Brebis déviante

Un groupe social secrète des normes, que les individus qui le composent vont tendre spontanément à respecter. Ces règles définissent ce qui se fait et ne se fait pas : se conduire comme ceci, s’habiller comme cela… Ses membres sont en grande partie jugés sur le respect de ces critères. Autrement dit, un individu résiste au changement par crainte de s’écarter des normes de son groupe. Ainsi s’exerce la pression de conformité.

Toute la force des bifurcations dont j’ai parlé récemment (Socrate, Moitessier) réside dans la capacité à s’affranchir du jugement de son groupe d’appartenance initial. Si ces vraies bifurcations sont rares, c’est d’abord parce que le risque de mort sociale qu’on encourt en déviant est inacceptable pour la plupart des personnes. Notre instinct grégaire nous pousse à rester en compagnie de nos semblables.

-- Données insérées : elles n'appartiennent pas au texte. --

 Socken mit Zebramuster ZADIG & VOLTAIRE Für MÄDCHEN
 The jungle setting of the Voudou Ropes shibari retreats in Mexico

Mais c’est aussi, secondairement, que si une brebis, par extraordinaire, veut s’éloigner du troupeau, il ne dépend pas entièrement d’elle d’en rester à l’écart : le bon pasteur veille, qui va chercher à la ramener au bercail. Car aucun pasteur ne conçoit qu’elle ait pu s’éloigner délibérément : si elle n’est plus là, c’est qu’elle s’est perdue, et qu’elle est en danger. Le déviant, le groupe ne commence jamais par l’exclure : il cherche toujours d’abord à le faire revenir en son sein.